Il existe bien plus qu’une communauté d’intérêts entre Lovecraft l’écrivain, HP Lovecraft le groupe psychédélique et Michel Houellebecq. On ne présente plus Howard Philip Lovecraft, véritable maître de l’horreur dite cosmique (ou Cosmicisme), selon le genre qu’il inventa. H.P. Lovecraft, le groupe, emprunte au romancier son prestigieux patronyme et avec, tout un pan de son inspiration tourmentée. Les deux albums, sortis successivement en 1967 et 1968, mettent en musique certaines des plus célèbres nouvelles de l’auteur, comme The White Ship et At The Mountain of Madness. Quant à Houellebecq, on lui doit un court mais passionnant essai sur Lovecraft dont il tenta de définir l’œuvre au prisme d’une existence chaotique. Mais quel est au fond les liens invisibles – indicibles même ! – reliant ces trois personnages ou entités ? 

Le premier est avant tout géographique. Lovecraft, le romancier, est né et a vécu une grande partie de sa vie à Providence, dans l’état de Rhode Island.

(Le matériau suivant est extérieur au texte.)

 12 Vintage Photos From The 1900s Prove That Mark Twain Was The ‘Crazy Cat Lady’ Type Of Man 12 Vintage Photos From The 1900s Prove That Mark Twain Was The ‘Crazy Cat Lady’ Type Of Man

Un fait qui relève de l’anecdote, intervient cependant. En plein voyage d’affaire, son père fait une crise de démence dans la chambre de son hôtel à Chicago. Or, H.P. Lovecraft est un groupe originaire de Chicago. Revenons à Lovecraft, premier du nom. L’enfant se trouve marqué par ce premier coup du sort. Très tôt, il affirme son goût pour la poésie et les récits étranges. Lovecraft grandit en ermite, écrivant sans relâche ce qui constituera les fondations de son œuvre. En 1921, il participe à un congrès de journalistes amateurs (Lovecraft publie ses histoires dans des Pulps) à Boston où il rencontre Sonia Greene. Ils se marient trois ans plus tard à New York et s’installent à Brooklyn. Ce voyage initiatique – Lovecraft adore NYC – renvoie à celui que le fameux groupe fera à San Francisco et qui lui inspirera son deuxième et plus bel album (enregistré cependant aux I.D. Sound Studio à Los Angeles), le sobrement nommé II. Flashback chez l’écrivain dont la vie maritale est un désastre. Il revient à Providence dont il deviendra le reclus, selon la formule consacrée. Et Houellebecq dans tout ça ? Disons que l’écrivain a fait le chemin inverse. Il a choisi de s’installer dans la plus haute tour d’une cité du XIIIème arrondissement de Paris, au cœur du quartier chinois, afin de ne pas être dérangé, de rester un anonyme parmi les anonymes. Un reclus lui aussi.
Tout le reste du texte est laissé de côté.